IHR through TPS - any experience please?

9 replies

archaeoptyrx · 14/01/2023 18:43

Occupational health have started talking to me about ill health retirement. I have 21 years of full-time contributions to the Teacher Pension Scheme. I have read all of the information online but can't work out whether we could live off this without my partner needing to take on additional work (I appreciate that, ultimately, I may have no choice). I rang TPS to ask for help to calculate it but they are not allowed to do that. Does anybody know anything about it and feel able to talk me through it? I am not very well and feeling totally overwhelmed. Thank you.

OP posts:
toomuchicecream · 15/01/2023 16:16

Will it be full or partial ill health retirement as that will make a difference.

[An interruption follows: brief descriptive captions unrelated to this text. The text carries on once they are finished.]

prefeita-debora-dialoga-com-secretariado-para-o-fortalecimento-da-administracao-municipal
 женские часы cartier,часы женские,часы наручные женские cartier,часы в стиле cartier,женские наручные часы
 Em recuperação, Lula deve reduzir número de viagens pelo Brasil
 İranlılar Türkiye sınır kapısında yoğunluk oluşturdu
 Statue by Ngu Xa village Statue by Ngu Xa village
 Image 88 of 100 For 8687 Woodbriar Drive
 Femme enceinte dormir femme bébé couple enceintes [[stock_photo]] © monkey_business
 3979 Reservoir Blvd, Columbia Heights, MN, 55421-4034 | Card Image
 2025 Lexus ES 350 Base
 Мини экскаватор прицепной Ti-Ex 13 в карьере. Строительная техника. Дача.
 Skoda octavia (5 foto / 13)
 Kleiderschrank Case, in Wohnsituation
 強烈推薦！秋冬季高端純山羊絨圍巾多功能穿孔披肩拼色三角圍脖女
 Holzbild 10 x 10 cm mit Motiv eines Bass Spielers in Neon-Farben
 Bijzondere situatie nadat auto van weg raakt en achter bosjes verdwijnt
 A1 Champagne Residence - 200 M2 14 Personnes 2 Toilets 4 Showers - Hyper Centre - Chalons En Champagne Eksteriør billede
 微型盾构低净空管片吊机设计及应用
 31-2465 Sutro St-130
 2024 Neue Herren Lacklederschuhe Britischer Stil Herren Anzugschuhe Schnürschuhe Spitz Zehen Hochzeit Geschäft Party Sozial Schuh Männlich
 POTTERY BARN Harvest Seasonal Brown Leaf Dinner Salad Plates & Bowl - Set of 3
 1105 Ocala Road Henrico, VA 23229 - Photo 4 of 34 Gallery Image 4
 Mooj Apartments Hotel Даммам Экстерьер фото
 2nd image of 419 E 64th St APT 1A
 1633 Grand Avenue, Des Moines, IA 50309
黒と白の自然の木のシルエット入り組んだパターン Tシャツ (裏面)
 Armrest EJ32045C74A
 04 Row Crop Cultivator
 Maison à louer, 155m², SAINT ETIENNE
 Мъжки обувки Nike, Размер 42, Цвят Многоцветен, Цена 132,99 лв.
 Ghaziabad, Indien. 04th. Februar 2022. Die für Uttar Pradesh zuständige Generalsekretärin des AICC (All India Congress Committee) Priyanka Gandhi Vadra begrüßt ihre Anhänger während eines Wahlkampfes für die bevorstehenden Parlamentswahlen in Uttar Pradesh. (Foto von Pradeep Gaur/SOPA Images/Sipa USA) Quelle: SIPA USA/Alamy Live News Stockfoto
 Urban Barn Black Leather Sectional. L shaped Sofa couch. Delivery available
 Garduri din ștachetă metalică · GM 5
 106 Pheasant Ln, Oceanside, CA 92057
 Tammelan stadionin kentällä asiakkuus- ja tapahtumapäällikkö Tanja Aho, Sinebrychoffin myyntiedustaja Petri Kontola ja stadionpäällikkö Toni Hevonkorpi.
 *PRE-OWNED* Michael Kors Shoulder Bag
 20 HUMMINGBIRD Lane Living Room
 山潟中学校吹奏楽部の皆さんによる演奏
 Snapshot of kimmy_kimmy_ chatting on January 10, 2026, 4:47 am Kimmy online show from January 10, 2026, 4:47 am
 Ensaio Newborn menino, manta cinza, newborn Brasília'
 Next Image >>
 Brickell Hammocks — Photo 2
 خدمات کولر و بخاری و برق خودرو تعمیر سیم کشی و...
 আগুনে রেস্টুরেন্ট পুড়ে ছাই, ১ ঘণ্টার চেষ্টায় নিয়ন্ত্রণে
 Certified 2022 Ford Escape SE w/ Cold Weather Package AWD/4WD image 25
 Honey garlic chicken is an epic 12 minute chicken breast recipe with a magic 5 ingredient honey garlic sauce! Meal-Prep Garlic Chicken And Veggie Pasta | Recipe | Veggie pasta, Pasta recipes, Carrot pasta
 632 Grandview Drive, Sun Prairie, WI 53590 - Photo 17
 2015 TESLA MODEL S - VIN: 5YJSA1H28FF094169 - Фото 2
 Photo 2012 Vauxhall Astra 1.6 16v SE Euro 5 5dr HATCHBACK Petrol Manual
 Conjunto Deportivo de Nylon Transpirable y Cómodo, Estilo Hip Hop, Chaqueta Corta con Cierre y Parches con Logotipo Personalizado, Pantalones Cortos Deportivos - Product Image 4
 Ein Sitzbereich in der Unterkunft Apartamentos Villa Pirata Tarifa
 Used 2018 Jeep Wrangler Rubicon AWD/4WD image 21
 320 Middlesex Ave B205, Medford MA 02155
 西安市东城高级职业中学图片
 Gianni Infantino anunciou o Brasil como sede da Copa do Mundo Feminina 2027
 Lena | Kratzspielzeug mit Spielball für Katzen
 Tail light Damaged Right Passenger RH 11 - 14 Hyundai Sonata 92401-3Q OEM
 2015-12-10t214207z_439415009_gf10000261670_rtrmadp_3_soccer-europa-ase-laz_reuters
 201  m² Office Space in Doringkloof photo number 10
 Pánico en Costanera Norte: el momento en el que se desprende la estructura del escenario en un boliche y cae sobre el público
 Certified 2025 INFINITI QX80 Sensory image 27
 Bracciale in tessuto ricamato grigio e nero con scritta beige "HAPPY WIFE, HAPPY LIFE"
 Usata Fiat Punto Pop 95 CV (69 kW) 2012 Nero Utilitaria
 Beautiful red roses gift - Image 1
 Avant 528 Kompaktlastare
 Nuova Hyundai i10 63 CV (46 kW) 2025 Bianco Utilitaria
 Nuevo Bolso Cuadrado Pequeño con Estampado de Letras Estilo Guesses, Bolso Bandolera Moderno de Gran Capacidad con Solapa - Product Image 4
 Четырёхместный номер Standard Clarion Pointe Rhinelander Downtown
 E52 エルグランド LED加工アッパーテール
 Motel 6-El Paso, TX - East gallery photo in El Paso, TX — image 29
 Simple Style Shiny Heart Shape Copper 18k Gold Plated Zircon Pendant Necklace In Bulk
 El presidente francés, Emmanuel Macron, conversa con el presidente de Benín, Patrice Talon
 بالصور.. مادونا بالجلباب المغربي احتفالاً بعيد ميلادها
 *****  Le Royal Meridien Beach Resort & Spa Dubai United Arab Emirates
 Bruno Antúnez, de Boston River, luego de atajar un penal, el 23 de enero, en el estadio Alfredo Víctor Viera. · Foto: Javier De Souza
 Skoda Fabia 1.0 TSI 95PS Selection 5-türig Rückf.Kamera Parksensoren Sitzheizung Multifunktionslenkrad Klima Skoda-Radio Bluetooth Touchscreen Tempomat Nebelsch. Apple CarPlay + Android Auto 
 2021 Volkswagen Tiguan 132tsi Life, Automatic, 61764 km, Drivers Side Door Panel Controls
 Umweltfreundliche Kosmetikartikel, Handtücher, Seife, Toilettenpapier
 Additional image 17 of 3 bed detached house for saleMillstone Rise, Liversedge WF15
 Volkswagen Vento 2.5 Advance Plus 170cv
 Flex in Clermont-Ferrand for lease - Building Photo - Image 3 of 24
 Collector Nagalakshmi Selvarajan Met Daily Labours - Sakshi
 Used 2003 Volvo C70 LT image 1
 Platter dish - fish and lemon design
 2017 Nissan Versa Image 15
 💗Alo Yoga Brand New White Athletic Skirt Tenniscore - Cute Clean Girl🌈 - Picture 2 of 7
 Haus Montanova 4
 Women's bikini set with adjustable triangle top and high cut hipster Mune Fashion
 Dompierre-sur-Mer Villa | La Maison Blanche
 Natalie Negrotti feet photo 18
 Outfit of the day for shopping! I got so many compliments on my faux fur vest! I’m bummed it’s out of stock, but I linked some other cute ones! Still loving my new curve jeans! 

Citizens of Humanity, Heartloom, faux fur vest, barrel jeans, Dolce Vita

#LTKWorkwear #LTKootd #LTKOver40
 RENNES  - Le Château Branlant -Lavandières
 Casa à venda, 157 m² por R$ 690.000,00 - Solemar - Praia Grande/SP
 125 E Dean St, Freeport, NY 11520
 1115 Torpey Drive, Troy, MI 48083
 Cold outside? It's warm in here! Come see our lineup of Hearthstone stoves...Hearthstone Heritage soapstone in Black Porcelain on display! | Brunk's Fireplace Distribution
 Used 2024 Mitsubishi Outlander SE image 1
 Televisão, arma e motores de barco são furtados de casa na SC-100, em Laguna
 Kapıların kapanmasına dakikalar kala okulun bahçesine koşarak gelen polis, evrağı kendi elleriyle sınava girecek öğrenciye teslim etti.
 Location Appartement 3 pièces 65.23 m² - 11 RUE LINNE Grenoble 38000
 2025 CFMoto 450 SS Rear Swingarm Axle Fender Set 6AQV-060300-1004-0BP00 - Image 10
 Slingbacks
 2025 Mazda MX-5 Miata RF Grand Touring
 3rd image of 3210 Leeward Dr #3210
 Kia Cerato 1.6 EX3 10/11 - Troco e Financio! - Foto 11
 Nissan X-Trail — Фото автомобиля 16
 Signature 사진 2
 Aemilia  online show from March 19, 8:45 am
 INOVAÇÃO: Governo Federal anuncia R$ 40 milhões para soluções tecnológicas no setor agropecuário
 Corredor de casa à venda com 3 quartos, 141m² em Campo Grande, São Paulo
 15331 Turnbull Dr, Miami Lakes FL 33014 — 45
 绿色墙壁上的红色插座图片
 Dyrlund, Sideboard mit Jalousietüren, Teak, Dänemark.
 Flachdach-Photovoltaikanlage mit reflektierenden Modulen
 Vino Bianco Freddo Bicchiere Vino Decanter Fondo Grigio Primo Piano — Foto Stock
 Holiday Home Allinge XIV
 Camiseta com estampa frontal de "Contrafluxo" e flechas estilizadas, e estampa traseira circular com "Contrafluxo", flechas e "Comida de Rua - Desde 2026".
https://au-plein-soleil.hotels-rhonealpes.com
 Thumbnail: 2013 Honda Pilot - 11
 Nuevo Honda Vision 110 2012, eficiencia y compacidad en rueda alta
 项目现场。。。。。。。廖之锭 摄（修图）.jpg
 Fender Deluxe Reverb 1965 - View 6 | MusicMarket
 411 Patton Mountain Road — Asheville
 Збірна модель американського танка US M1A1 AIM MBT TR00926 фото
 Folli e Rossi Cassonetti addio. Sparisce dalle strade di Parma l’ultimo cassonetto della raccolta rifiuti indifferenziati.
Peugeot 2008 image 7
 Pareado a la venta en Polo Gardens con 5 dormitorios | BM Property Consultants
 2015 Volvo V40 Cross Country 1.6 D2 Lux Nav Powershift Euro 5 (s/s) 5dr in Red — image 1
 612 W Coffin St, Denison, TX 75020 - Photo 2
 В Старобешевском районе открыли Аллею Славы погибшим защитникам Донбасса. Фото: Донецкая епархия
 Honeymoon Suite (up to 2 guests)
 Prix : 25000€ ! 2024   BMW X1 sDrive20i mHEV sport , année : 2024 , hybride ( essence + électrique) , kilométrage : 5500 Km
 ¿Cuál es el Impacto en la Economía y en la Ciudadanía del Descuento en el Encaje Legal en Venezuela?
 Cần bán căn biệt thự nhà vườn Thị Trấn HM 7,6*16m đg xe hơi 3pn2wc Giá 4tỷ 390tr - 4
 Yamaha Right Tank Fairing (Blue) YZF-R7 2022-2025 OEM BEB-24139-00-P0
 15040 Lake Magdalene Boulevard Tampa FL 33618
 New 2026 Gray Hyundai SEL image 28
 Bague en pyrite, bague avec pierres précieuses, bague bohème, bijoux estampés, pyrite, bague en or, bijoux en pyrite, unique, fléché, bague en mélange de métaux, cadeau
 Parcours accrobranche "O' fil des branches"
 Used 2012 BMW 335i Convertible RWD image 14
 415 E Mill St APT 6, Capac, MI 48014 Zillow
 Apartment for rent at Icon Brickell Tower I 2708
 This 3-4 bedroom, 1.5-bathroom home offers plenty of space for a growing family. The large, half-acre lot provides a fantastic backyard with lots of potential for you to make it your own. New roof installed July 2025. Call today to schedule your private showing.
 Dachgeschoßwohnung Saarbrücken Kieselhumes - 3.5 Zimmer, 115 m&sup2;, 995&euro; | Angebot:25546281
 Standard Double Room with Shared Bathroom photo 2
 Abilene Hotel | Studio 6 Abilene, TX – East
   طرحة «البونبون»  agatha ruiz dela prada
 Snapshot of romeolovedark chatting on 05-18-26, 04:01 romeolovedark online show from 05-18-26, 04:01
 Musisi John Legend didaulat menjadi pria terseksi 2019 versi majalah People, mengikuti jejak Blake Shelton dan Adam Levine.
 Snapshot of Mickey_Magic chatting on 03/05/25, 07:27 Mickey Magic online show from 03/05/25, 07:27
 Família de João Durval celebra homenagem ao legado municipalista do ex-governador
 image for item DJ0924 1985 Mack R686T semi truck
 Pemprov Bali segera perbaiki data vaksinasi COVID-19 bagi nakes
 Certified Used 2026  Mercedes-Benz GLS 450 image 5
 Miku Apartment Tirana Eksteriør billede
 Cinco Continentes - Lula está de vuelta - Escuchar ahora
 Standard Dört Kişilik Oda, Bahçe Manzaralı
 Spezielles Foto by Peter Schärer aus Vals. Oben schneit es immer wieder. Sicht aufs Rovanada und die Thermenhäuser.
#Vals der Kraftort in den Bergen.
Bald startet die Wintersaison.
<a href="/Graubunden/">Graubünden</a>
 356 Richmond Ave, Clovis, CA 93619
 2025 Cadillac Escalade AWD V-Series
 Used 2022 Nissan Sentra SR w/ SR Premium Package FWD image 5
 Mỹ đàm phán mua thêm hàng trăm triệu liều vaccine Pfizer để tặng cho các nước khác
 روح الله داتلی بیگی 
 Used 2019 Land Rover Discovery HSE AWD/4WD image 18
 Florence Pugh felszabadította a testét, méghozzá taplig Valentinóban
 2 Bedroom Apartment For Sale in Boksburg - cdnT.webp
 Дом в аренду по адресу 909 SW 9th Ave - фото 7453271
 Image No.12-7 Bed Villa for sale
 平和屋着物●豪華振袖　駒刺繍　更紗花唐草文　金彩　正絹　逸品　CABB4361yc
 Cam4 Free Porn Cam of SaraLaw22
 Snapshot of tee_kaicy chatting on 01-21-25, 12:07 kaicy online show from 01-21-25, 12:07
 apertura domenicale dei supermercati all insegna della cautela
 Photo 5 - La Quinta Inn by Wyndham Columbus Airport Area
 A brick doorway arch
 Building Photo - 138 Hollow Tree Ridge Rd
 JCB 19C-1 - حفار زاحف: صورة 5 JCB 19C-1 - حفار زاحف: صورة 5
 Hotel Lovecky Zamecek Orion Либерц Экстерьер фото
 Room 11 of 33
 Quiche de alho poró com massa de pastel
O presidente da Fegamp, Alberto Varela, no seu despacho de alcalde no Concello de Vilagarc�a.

I have partial ill health retirement- I am fit to work but not fit to teach. I’ve PMd you. Let me know if I can help!

Nimbostratus100 · 16/01/2023 00:49

please can you tell me about this partial ill health retirement too please, I might be going to fall into this catagory

toomuchicecream · 16/01/2023 09:20

What do you want to know? Teachers’ Pensions has 2 levels of ill health retirement to offer: full, where you are not fit to work at all and partial, where you are fit to work but not teach.

If you are awarded partial ill health retirement you are prohibited from teaching, tutoring or lecturing on a paid or an unpaid basis.

With my condition there’s no way I could be in front of a class all day everyday as it’s too physically draining. However, I’m extremely capable of sitting at a desk doing an office based job connected to schools and teaching so that’s what I do now.

Nimbostratus100 · 16/01/2023 09:22

So you cant do any tutoring? I dont know if I will go back to striding round a classroom, bending over work to check it, talking loudly.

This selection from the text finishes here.